Mal ein ganz anderer Ansatz: Unser Video der Woche kommt diesmal von Me And My Drummer und ist eine Art Virtual Reality Experience. Der Medienkünstler Chris Luehning hat den Clip zu “Bloodmoon” für die Band entworfen.

In einer in tiefes Rot getauchten Welt kann man dabei einer stark an Sängerin Charlotte Brandi erinnernden Person dabei folgen, wenn sie das Bloodmoon Child rettet. Chris Luehning über das Projekt: „Die Möglichkeit eine Welt zu bauen, die aus der eigenen Phantasie entstammt, anderen eine Brille aufzusetzen und sie in dieser Welt umherlaufen zu lassen, hat es so noch nie gegeben und ist für mich unglaublich faszinierend und anziehend. Als ich ‚Bloodmoon’ zum ersten Mal gehört habe, kamen mir sofort Assoziationen zu Bildern und Themen, die ich unbedingt kommunizieren wollte. Die dabei entstandene Welt ist reich an Allegorien und Symbolen, die sich durch die Erfahrung in Virtual Reality auf bisher nicht da gewesene Weise erleben lassen. Man sieht die Heldin nicht in Schnittbildern, wie in bisherigen Videos, durch die Wüstenwelt reiten, sondern reitet MIT ihr.“

“Eine ganz bestimmte Weisheit befindet sich ausschließlich in der Vergangenheit eingekapselt”, sagt Sängerin und Gitarristin Charlotte Brandi über das Stück. “Du musst deinen Zeitstrahl entlang zurück laufen, um den Kern zu finden. Die Erinnerung an frühere Tage, verkörpert durch ein Lebewesen, einen menschlichen Körper, der Schutz und Pflege braucht, wurde dir geraubt.” Und sie führt fort: “Begib dich in was auch immer für einer Welt du lebst, zieh dein Schwert und rette das Bloodmoon Child.”
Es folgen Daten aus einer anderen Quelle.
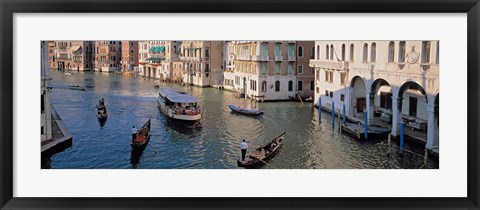 Framed Gondolas on the Water, Venice, Italy Print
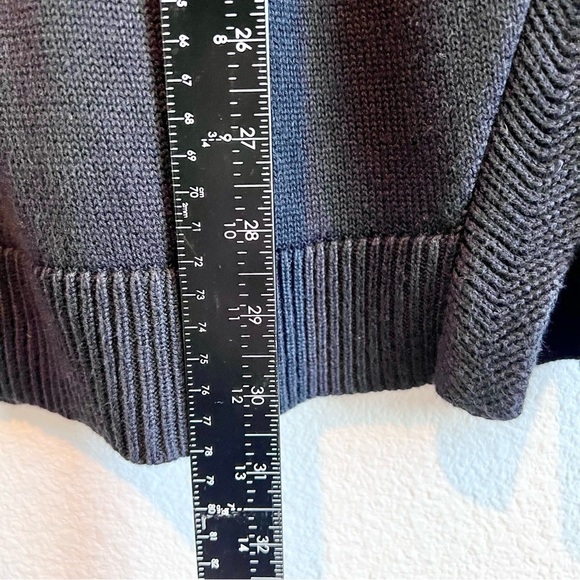 H by Halston Black Knit Pullover Sweater Womens Cotton Blend Size Small - Picture 8 of 10
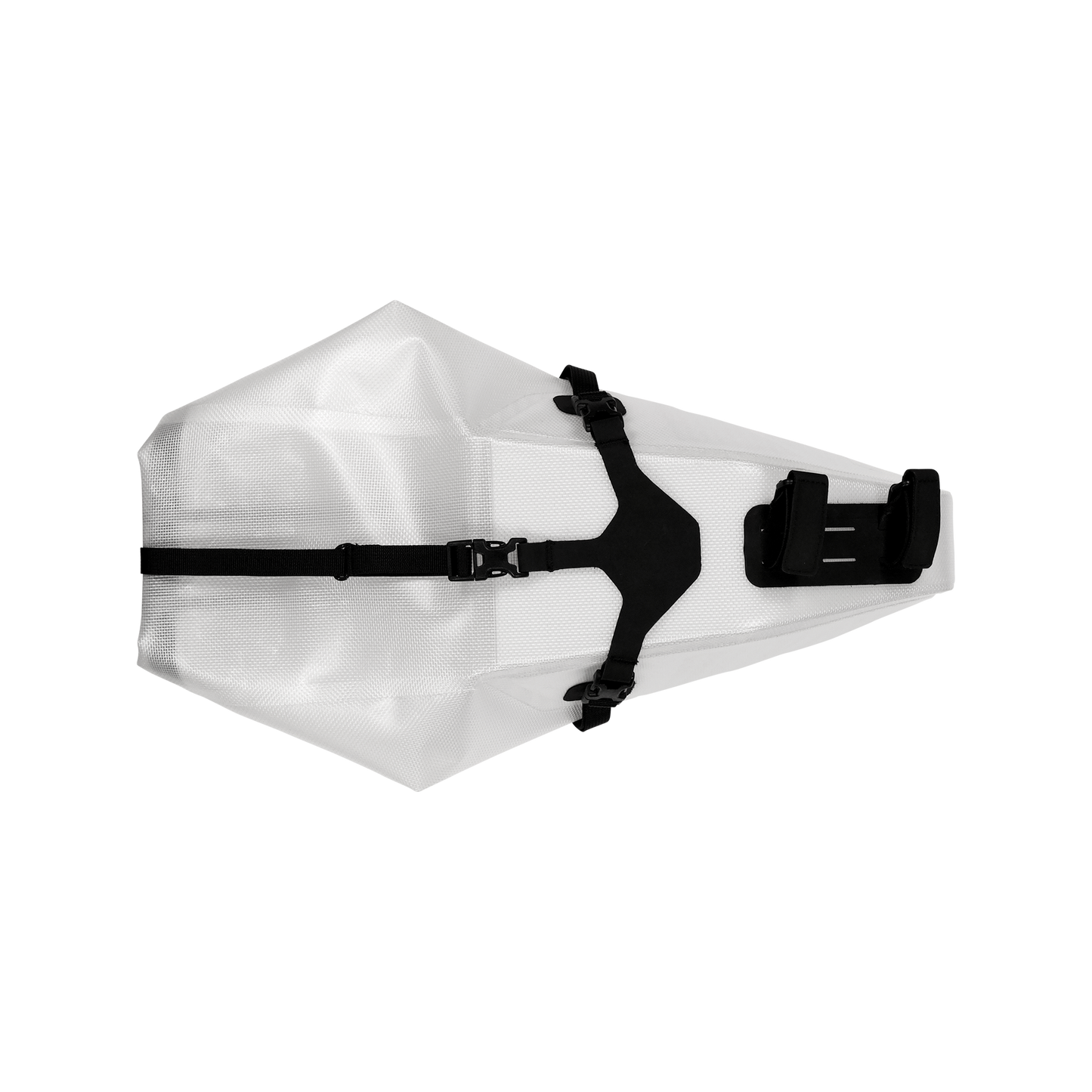 POC ULTRA 3L läpikuultava valkoinen satulalaukku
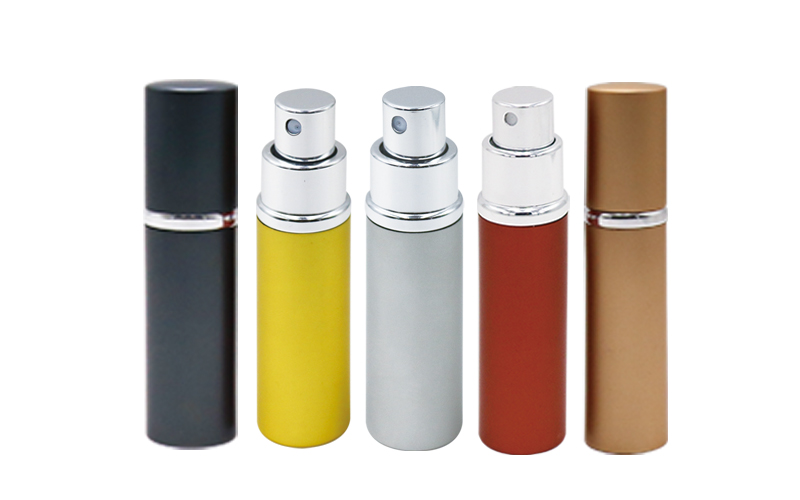 personal care industry use aluminum perfume spray bottle fine mist spray atomizer refillable bottle
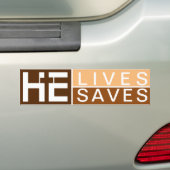 JESUS SAVES BUMPERSTICKER (Op auto)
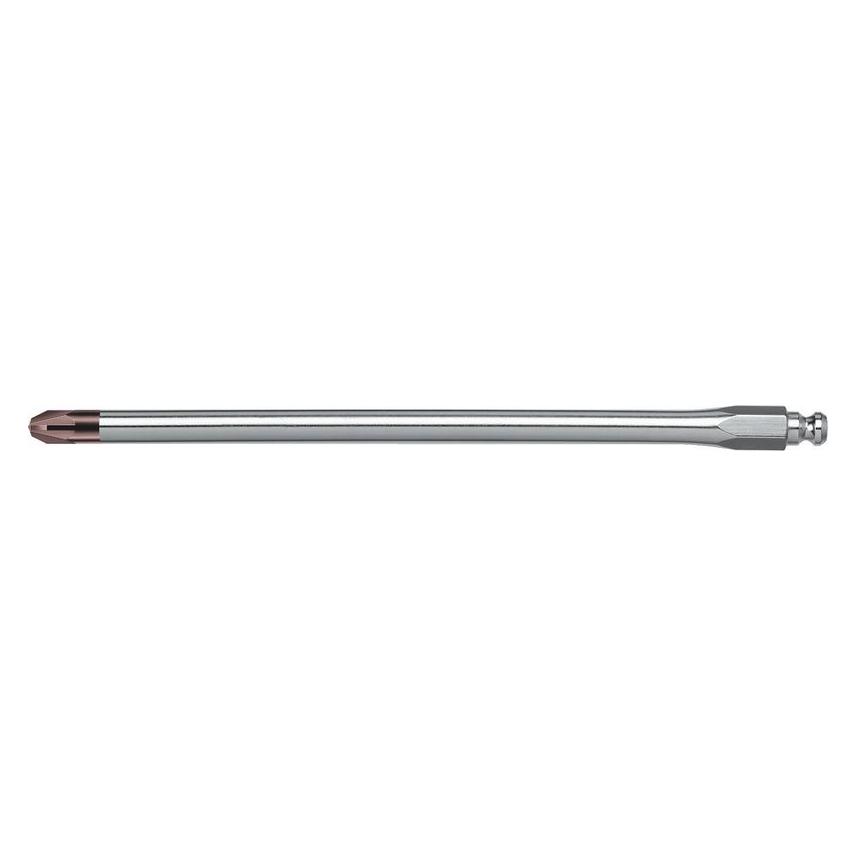PB Swiss Tools Schraubenziehereinsatz für Pozidriv Kreuzschrauben (Pozidriv-Kreuzschlitz (PZ)) (PB 225 PZ/2)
Nach der Veröffentlichung ihres zweiten Albums “Love Is A Fridge” sind Me And My Drummer in Europa unterwegs gewesen. Sie wurden zum Great Escape Festival eingeladen, tourten durch Norwegen, haben Festivals in Estland oder den Niederlanden besucht und nicht zuletzt das renommierte Neujahrskonzert in der Berliner Volksbühne bestritten. Eigentlich wollten die beiden der Band eine Pause gönnen. Brandi arbeitet an einem Soloalbum, Matze Pröllochs schreibt und spielt Theatermusik oder trommelt auf den Aufnahmen befreundeter Künstler_innen. Mit dem Moment aber, da sie die Pause beschließen, steigt plötzlich die Lust darauf, wieder zwanglos und ohne Anlass zusammen zu jammen. Was nun schlicht und ergreifend das vorliegende tiefdunkle, wunderschöne Stück zur Folge hat.